Interpret different types of frustration score
Site-level Frustration score: The frustration score (session level) of the Xth percentile (e.g., 99th) ranked session among all sessions.
Page-level Frustration score : The frustration score (pageview level) of the Xth percentile (e.g., 99th) ranked pageview among pageviews on page N (e.g., Product page).
Groups such as Rage Click, Excessive Hover and Button multiple clicks will display two widgets.
- Line chart on page views filtered by the frustration factor
- Table view of the metric number of page views, filtered by the frustration , grouped by path
You can add more groups to dive deeper on your analysis by frustration factor. To do this:
Click on ‘...’ in the top right corner and select ‘Create new group’
Rename your group by clicking on the name by default. Add a widget by hovering over the blank space and clicking on ‘+’ or with the ‘Add widget’ button in the top right corner.
Select the type of widget you want to use.
- To have a complete view of which pages are being affected, use the ‘Data table’ widget.
- To track data over time, use the ‘Line chart’ widget.
Learn more about widgets
In this example using the 'Data table widget', we analyse which pages are being affected by a ‘JS error’ with the following configuration:
Once your group is created, you can add more widgets to complete your analysis. You can do this with the other frustration metrics
Page group analysis
To analyze a specific page or group of pages, the analysis scope to select is ‘Page group’.
Once selected, determine which page or group of pages you want to analyze with the Page selector. You can choose previously created mappings with ‘All page groups’.

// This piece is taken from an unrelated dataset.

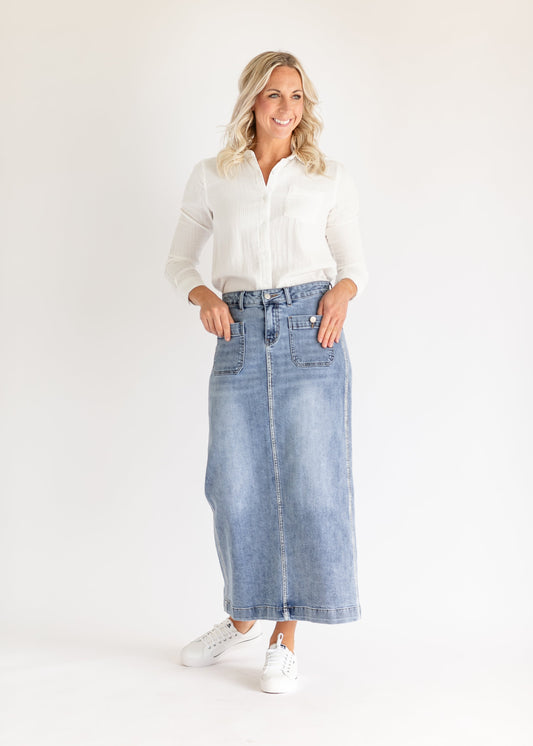 Woman in a white blouse and denim skirt smiles confidently against a plain background. She stands with hands in pockets, wearing white sneakers.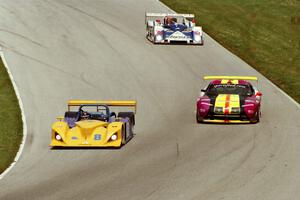 Butch Leitzinger / Scott Schubot Lola B2K/10 Ford and two others head into turn 7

Comparing sessions that have experienced the frustration vs sessions that have not experienced the frustration
With the Analysis Context, you can create a segment for the overall Frustration Score or select a specific frustration factor:
- Rage click
- Multiple clicks (Element/Button/Field)
- Excessive hover
- Page looping
- Page not consumed
- Low activity
Session Replay integration
You can see and understand the impact of the frustration factors with Session Replay by clicking on ‘...’ next to the widget.